Никогда не подозревал, что так чудовищно трудно писать статьи про старых знакомых.

Уже час я пытаюсь придумать, с чего бы начать статью: «Самый известный интернет-журналист Антон Носик родился в хорошей семье…», «Про молодость Носика ходят легенды…», «Когда я впервые увидел на кухне Димы Ицковича Антона, он…» или вот еще: «Не так-то легко учуять приближение славы…» (с намеком на фамилию героя и имя главного редактора НМ). За это время я скачал себе пару звуковых файлов в МРЗ-формате, связался с Носиком по Аське, чтобы уточнить ряд деталей («Как лучше назвать твою маму: славист, балканист, филолог или культуролог?» — «Старший научный сотрудник ин-та слоноведения и вулканистики, с начала 1990-х возглавляет Центр еврейского образования «Сефер»), позвонил по телефону, скачал новый скин к WinAmp'y… короче, ничего не придумал и решил написать все варианты сразу.

Итак: самый известный интернет-журналист Антон Носик родился в хорошей семье.

Отец — Борис Носик, автор первой русской биографии Набокова и Швейцера, отчим — самый известный в мире современный русский художник Илья Кабаков, мать — славист Вика Мочалова. В результате все детство Антона прошло среди московской богемы, и примерно к его тридцатитрехлетию известный искусствовед Иосиф Бок-штейн смог написать воспоминания, условно называемые «Когда был Носик маленький»:

Антоша всегда был вундеркиндом, это как-то было понятно всем окружающим. Я осознал это, когда наблюдал за тем, как восьми лет от роду он писал бесконечные романы на русском, английском и французском языках. Ввиду дефицита бумаги в 70-е годы Вика, Антошина маменька, вынуждена была вставлять в пишущую машинку рулоны туалетной бумаги, которая, впрочем, тоже была в дефиците.

И дальше — тоже по лучшим канонам жанра: «Его комментарии всегда ставили взрослых в тупик», «непринужденное обхождение стало важным качеством взрослеющего Антоши» и так далее.

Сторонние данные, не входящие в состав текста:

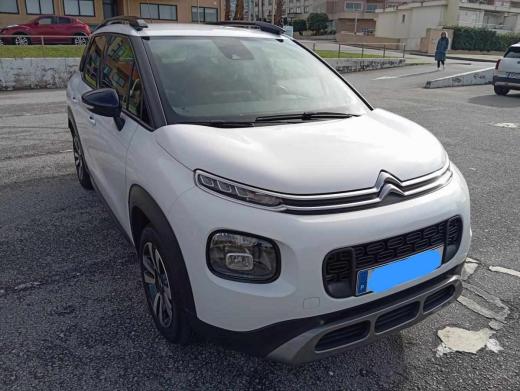 citroen-c3-aircross-1-6-bluehdi-2018-diesel-1560cc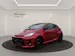 Toyota GR Yaris 1.6 Turbo Sport 4x4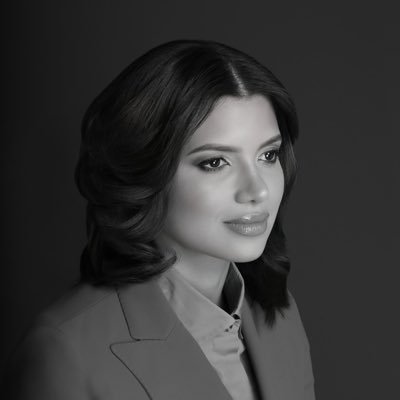 Madre y esposa. Ing. química, candidata a diputada por la circunscripción 5. Alcaldesa de La Guayiga 2010 - 2016. Ex vicepresidenta del PRM. Ex Ministra 🇩🇴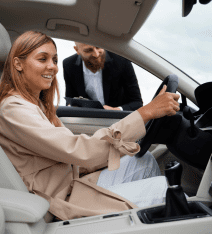 Carnetwork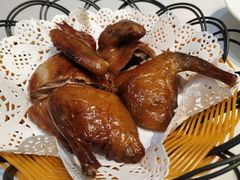 -紫阳家宴(源深店)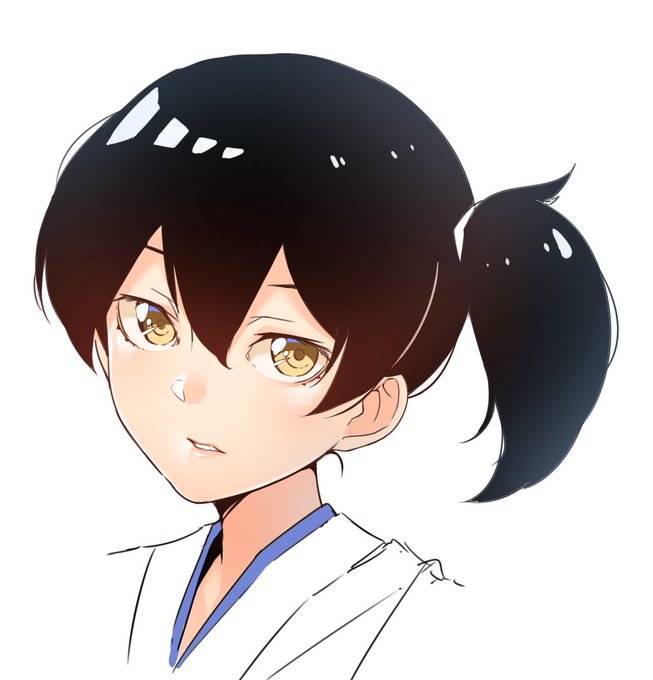 ちょっとイケメンの加賀さんrkgk 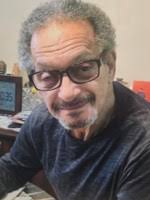 Find Obituaries & Funeral Services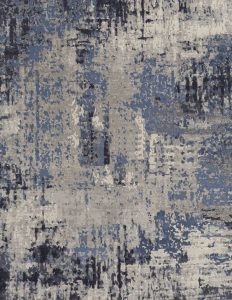 modern handmade rugs dover product categories contemporary rugs ZENELBL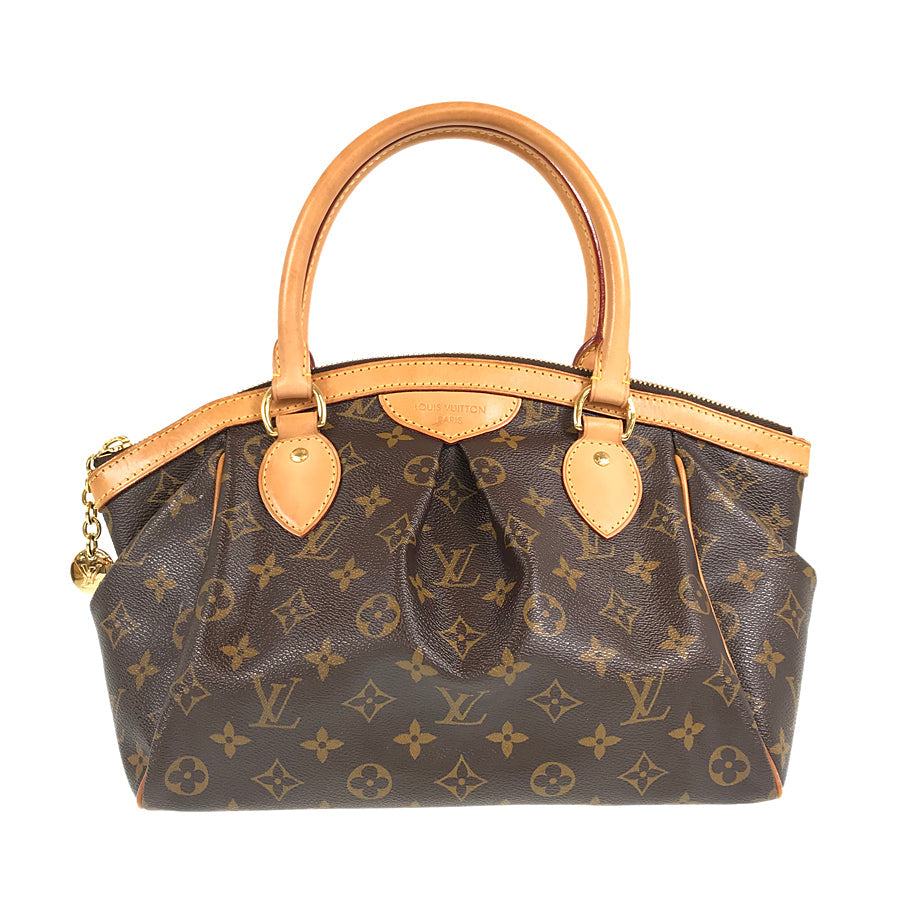 LO-LV bags 5328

Про многих можно такое вспомнить, но мало про кого есть кому вспоминать.

Про молодость Носика ходят легенды, которые не всегда удобно предавать гласности.

Антон учился в медицинском, пил водку и интересовался девушками… из этих компонентов нетрудно составить гремучий коктейль. В результате, получив диплом хирурга, Носик подался в Израиль, где из врача превратился в журналиста.

Писал тогда Носик про экономику, и весь русский Израиль зачитывался его статьями. Одна из легенд гласит, что Антон сорвал израильским банкам план выдачи жилищных ссуд русским иммигрантам, развернув в прессе разъяснительную кампанию: мол, недвижимость все равно подешевеет, а вас, пользуясь бумом, обдирают как липку. Во всех версиях легенды ему предлагают огромные деньги, чтобы он прекратил писать свои статьи; деньги он либо берет, либо нет, но статьи продолжает писать все равно. Счастливый финал: часть иммигрантов ссуду не берет, недвижимость, вместо того чтобы подешеветь, дорожает в несколько раз. Пострадавшие, разумеется, считают Носика виноватым в их несчастьях. Как обтекаемо написал еще один израильский экс-патриант Александр Шерман, «прогнозы не оправдывались, но Носика любили все равно».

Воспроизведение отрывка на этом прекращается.